DATA UNDER STUDY START

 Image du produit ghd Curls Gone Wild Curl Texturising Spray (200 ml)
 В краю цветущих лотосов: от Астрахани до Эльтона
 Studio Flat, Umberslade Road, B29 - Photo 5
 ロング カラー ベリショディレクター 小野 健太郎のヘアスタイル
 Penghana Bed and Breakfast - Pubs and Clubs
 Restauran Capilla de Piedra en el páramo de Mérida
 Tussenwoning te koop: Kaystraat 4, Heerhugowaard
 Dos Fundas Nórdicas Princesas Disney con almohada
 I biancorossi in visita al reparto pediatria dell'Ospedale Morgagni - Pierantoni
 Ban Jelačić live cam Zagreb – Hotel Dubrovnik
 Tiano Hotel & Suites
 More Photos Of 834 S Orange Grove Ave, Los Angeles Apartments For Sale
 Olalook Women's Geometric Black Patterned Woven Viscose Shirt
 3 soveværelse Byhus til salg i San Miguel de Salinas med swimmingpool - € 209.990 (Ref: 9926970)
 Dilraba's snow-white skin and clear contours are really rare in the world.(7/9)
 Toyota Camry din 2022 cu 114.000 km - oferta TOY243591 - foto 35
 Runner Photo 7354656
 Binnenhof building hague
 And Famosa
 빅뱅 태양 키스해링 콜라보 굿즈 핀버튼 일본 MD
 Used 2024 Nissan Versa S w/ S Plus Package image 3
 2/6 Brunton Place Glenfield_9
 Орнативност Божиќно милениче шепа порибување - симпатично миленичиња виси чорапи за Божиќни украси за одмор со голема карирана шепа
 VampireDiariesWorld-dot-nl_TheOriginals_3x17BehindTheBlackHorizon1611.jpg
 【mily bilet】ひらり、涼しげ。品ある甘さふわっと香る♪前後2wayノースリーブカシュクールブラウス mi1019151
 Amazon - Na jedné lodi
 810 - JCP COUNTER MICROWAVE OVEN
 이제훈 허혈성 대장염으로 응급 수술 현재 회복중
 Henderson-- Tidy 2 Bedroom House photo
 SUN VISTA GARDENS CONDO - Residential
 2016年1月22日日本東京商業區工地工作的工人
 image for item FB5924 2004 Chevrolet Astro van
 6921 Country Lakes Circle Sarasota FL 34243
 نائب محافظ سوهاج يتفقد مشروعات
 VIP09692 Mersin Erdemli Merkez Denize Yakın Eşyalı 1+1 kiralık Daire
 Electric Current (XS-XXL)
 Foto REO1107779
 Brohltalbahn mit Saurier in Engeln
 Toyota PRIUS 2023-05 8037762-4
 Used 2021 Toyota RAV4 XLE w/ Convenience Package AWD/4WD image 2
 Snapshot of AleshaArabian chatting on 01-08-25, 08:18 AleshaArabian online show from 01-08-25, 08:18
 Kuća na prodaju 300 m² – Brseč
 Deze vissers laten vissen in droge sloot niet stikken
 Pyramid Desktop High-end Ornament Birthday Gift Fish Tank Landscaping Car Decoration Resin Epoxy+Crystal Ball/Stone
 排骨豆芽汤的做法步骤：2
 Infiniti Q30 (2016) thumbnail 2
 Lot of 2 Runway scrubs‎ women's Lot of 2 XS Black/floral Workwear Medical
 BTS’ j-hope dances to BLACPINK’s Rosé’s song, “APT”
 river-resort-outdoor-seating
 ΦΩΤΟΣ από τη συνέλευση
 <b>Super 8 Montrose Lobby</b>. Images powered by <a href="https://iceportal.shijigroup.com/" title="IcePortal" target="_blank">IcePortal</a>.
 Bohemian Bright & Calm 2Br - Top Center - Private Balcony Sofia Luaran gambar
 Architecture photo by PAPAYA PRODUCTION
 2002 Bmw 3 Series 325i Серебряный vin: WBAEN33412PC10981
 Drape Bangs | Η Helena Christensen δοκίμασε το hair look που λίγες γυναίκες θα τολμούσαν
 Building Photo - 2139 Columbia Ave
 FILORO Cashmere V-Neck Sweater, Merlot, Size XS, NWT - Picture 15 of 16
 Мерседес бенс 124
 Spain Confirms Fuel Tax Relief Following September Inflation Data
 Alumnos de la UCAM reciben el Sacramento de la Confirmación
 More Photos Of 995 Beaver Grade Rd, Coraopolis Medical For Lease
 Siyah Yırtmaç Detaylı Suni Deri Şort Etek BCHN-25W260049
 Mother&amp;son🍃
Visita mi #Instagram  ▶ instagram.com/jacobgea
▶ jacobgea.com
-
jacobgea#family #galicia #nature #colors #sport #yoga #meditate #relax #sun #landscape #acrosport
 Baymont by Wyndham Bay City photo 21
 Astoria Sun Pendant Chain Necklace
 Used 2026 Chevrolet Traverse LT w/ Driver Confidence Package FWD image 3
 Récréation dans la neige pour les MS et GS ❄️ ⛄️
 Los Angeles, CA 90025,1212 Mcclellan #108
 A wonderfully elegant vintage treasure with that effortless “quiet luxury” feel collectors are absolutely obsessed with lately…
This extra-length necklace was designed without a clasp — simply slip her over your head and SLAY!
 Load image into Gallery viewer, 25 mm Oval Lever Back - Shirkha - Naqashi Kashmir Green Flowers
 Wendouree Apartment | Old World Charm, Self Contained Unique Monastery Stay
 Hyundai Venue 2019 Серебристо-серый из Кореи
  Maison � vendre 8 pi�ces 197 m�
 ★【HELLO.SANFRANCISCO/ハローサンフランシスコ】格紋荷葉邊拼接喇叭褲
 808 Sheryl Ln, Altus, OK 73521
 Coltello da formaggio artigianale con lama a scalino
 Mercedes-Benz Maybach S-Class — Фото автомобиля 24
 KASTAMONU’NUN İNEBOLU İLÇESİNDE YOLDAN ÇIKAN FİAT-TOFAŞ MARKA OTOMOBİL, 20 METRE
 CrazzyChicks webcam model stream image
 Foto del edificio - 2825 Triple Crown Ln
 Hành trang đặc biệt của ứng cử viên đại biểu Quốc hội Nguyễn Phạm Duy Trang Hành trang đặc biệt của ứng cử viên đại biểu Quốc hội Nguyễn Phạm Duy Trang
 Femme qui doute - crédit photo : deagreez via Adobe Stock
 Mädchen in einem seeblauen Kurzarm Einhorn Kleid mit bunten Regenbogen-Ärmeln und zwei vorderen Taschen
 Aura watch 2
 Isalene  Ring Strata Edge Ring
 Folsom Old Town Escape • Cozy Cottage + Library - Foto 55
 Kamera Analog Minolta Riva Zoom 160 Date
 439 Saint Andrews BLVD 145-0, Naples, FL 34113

DATA UNDER STUDY END

• PROMPT
Starting with the line that contains "Aura watch 2", restate every line up to and including the last one above, exactly.

• SOLUTION
 Aura watch 2
 Isalene  Ring Strata Edge Ring
 Folsom Old Town Escape • Cozy Cottage + Library - Foto 55
 Kamera Analog Minolta Riva Zoom 160 Date
 439 Saint Andrews BLVD 145-0, Naples, FL 34113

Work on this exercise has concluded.